Fun building shared libraries in Go

Tony Walker
6 min readJan 15, 2018

--

A classic from the talented Ashley McNamara

I was working on a problem recently when I thought to myself “what if I could cause read operations on file X to actually come from file Y”.

I’d seen examples of overriding system calls using C and LD_PRELOAD before and ever the keen Gopher, I wondered whether I could do something similar in Go. As luck would have it, I found that as of version 1.5, the new ‘buildmode’ option enables the creation of C shared libraries! I hadn’t used cgo at all before but with a little Googling I was able to establish the basic building blocks for creating ‘custom’ functions. This post will describe my journey to working code.

The basics

My goal was simple: I wanted a command like ‘cat foo’ to actually return the result as if I had run ‘cat bar’. Before I could do this, I had to determine which system call needed to be overridden. I was already pretty sure, but for the sake of this post — let’s take a look at how we can easily do this starting with the ever useful strace.

First, some sample files:

$ echo foo > foo
$ echo bar > bar

Now we run strace:

$ strace cat foo 2>&1 | grep foo
execve("/bin/cat", ["cat", "foo"], [/* 60 vars */]) = 0
open("foo", O_RDONLY) = 3
read(3, "foo\n", 131072) = 4
write(1, "foo\n", 4foo

OK, so we can see that cat uses the ‘open’ syscall which according to the manpage has the following signature:

int open(const char *pathname, int flags)

So, I would need to write my own open function which examines the path, modifies it if appropriate and then returns an integer which is either the file descriptor or an error (-1). For the sake of testing, I would use environment variables to set the ‘from’ and ‘to’ path names.

A first attempt

After some Googling I found some useful blog posts which pointed me in the right direction (see here for example). Ultimately I discovered I’d need to:

  • import “C” before anything else
  • convert C.char into C.GoString before I can operate on it
  • place ‘//export’ above my function for it to be recognized by C
  • maintain the same signature as the underlying syscall

With this in mind, here was my starting point:

I should point out here that the syscall.Open function requires a 3rd argument — mode. For the sake of this example I’m setting it to 0600 which is superflous since we’re only reading the file.

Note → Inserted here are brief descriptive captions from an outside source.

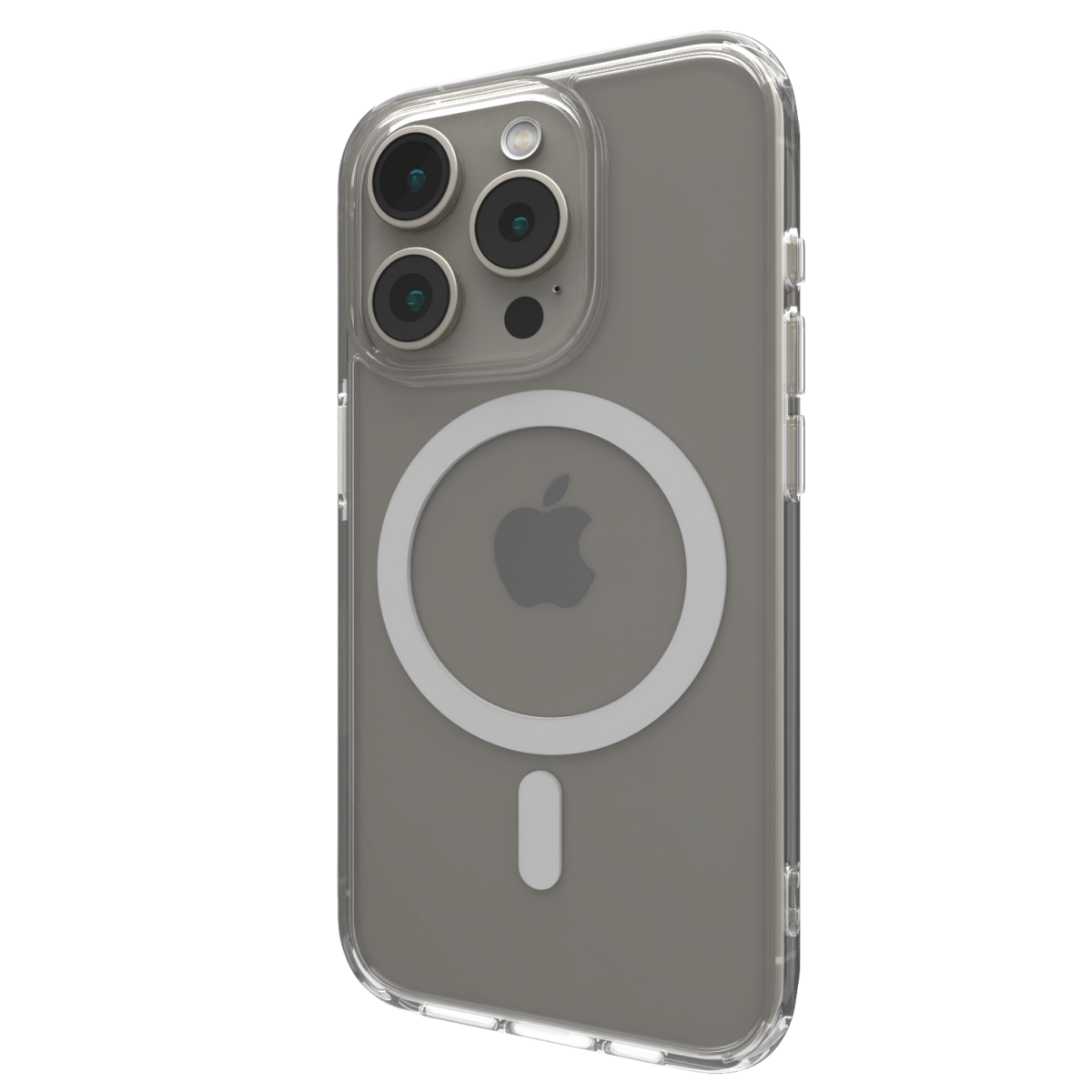 Image of the Āsenaru Lite Hybrid Case, a slim 1.3mm iPhone case with transparent TPU bumpers and a rigid polycarbonate back, showcasing full protection and MagSafe compatibility.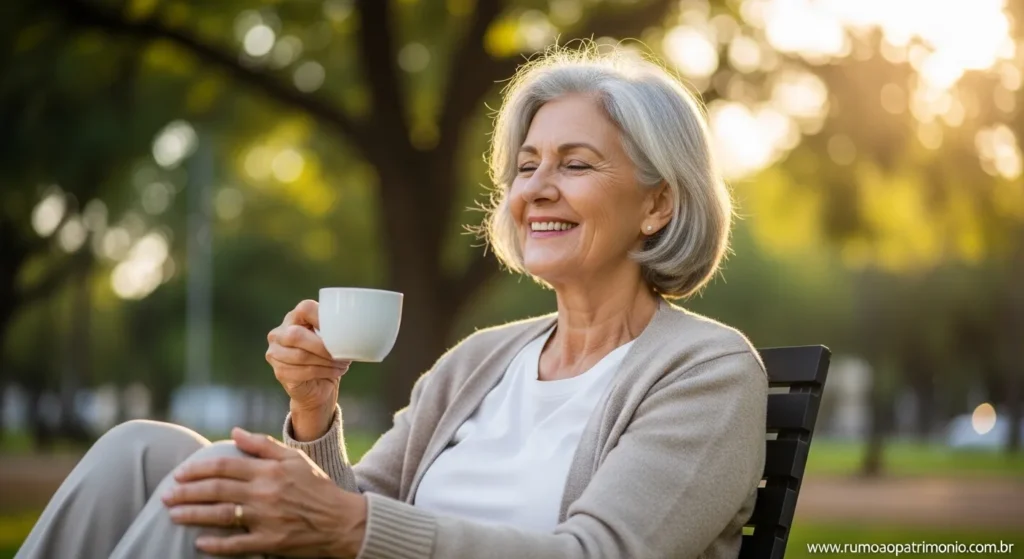 Pessoa idosa tranquila e feliz ao ar livre representando a liberdade de quem conseguiu construir uma aposentadoria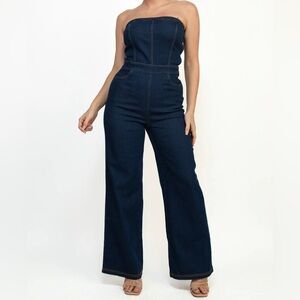 STRETCH Strapless Denim Jumpsuit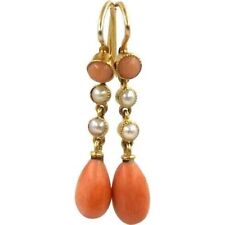 Antique Orange Coral & Pearl Dangle Earring 14k Yellow Gold Finish Coral Earring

To build this into a shared library:

$ go build -o preload -buildmode=c-shared

And now the test. First, here’s what it looks like without any preload:

$ cat foo
foo

Now, we set our ‘from’ and ‘to’ paths and preload our shared library:

$ export LD_FROM=foo
$ export LD_BAR=bar
$ LD_PRELOAD=./preload cat foo
bar

Success!

When open isn’t open

Now, let’s test it with simple Python script which opens a file for reading and prints the first line:

$ cat test.py
import sys
print open(sys.argv[1]).readline().strip()

And now our test:

LD_PRELOAD=./preload python test.py foo
foo

Sad face.. I had assumed this would work in exactly the same same way! Let’s check it with strace:

$ strace python test.py foo 2>&1 | grep foo
execve("/usr/bin/python", ["python", "test.py", "foo"], [/* 60 vars */]) = 0
open("foo", O_RDONLY) = 3
read(3, "foo\n", 4096) = 4
write(1, "foo\n", 4foo

As you can see, this looks just like the output from our trace of the cat command. So, why wasn’t my open function being called!?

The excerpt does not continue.